Thus, within Diana’s band, the “chaste” opposite of heterosexuality is not an absence of sexual activity, but an embracing of lesbian sexuality. The band is also regularly emphasized as a socially separate space. It is a woman-only community that keeps itself physically apart from men, often in an arcadian natural space.

Drouin diverges from Traub’s take on Diana motifs in early modern English literature such as Two Noble Kinsmen and Gallathea. Traub sees them as positioned “always already in the past, and hence irrecoverable” but Drouin sees the works and characters as creating a “public of lesbian separatists”. The devotees of Diana in these works resist marriage, express erotic desire for women in general and specific, and express a sense of lesbian identity in references to same-sex desire as a “persuasion” or “faith”. Even when the plays require heterosexual resolution for the characters it is not from a change in desire but a surrender to political reality. Emilia in Two Noble Kinsmen is captured in war and forced into marriage. The two protagonists of Gallathea want only to continue their romantic and erotic relationship, it is the social framework that imposes a heterosexual shape on their relationship.
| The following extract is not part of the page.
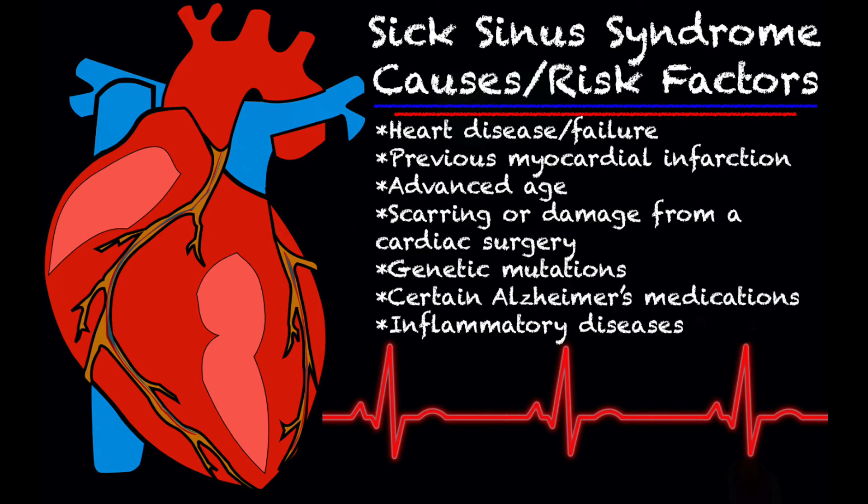Some of the causes or risk factors include heart disease, heart failure, a previous MI or heart attack, and advanced age. Unfortunately, if there was scarring or damage from a cardiac surgery that the patient has undergone — even if they're young — this can lead to sick sinus syndrome. Other causes include genetic mutations, certain Alzheimer's medications, and inflammatory diseases.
In Gallathea the conflict between Diana and Venus is labeled a conflict between chastity and love, but “love” is consistently defined in terms of heterosexual penetration while the chaste restrictions on Diana’s band do not preclude same-sex erotic desire. And there is a further association within the text between Diana and Sappho that emphasizes same-sex desire.
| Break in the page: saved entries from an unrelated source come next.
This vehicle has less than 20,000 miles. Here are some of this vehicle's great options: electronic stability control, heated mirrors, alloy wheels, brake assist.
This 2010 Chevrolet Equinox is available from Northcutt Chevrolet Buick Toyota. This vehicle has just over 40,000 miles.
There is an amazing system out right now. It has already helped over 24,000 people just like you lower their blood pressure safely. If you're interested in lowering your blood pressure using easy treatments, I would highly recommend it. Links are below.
Drouin sums up her primary theses: “Diana” was consistently used as a euphemism for female same-sex love; the in-story image of “Diana’s band” meets the functional criteria for a “public” in that it is a voluntary association of women who share tastes and interests defined by lesbian erotics and separatism; and on an extra-textual level, the production and reception of works referencing Diana’s band create a real-world “public” implying similar interests. The fact that the production of these texts and art was often done by men with a male audience in mind does not undermine the fact that they also had a female audience. (One of Brantôme’s anecdotes involves a woman being erotically stimulated by viewing a painting of naked women bathing together which may well have been a depiction of Diana’s band.)